3. November 1918: Aufstand der Matrosen war Geburtsstunde der Weimarer Republik
Vor 100 Jahren entzündete sich beim Kieler Matrosenaufstand der Widerstand gegen den Krieg und das Kaiserreich. Er führte zum Ende der Monarchie.
Kiel vor 100 Jahren – ein vergleichsweise milder Novembertag im Jahr 1918. Normalerweise flanieren zu dieser Zeit Kieler Bürger oder Offiziere der Garnison mit ihren Familien am Hafenufer, doch an diesem Tag ist alles anders. Die Kieler Straßen sind voll demonstrierender Matrosen, Arbeiter und Soldaten. Sie marschieren gemeinsam, rufen laut nach einem Ende des Krieges, nach der Abdankung des Kaisers und nach Reformen. Die Kieler Zeitungen berichten – ungeachtet der sonst doch allgegenwärtigen Zensur – von einer Meuterei, wie es sie nie zuvor in Deutschland gegeben habe. Durch eine Panne in der Oberzensurbehörde werden diese Nachrichten später im ganzen Land abgedruckt. Es ist eine Revolution, die sich ihren Weg bahnt und innerhalb von wenigen Tagen das gesamte Deutsche Reich fest in ihrem Griff haben wird.

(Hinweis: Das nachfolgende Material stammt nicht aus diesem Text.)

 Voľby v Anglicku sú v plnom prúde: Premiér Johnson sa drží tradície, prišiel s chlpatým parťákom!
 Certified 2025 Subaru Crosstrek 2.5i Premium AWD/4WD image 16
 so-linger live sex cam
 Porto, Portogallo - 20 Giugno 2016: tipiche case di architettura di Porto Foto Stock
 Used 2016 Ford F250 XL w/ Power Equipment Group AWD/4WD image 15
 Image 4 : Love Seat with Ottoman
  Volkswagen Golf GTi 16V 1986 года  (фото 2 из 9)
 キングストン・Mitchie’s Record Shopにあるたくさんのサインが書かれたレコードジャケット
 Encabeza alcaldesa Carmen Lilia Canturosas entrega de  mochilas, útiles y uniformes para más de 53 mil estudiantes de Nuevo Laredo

Aus dem Kieler Matrosenaufstand – auf den ersten Blick eine auf Norddeutschland begrenzte Meuterei innerhalb der Marine – sollte die Novemberrevolution werden. Schon der Matrosenaufstand war eine Erhebung von zehntausenden, letztendlich hunderttausenden Militärangehörigen von Heer und Marine – nicht nur von gewöhnlichen Matrosen, sondern auch von Unteroffizieren und einzelnen Offizieren. Dieser Aufstand spielte sich nicht nur in Kiel und Norddeutschland ab, sondern breitete sich in weniger als einer Woche über ganz Deutschland aus. In jeder Stadt, von den deutsch besetzten dänischen Gebieten im Norden bis hin ins tiefste Bayern, erhoben sich die Militärgarnisonen und schlossen sich der Revolution an.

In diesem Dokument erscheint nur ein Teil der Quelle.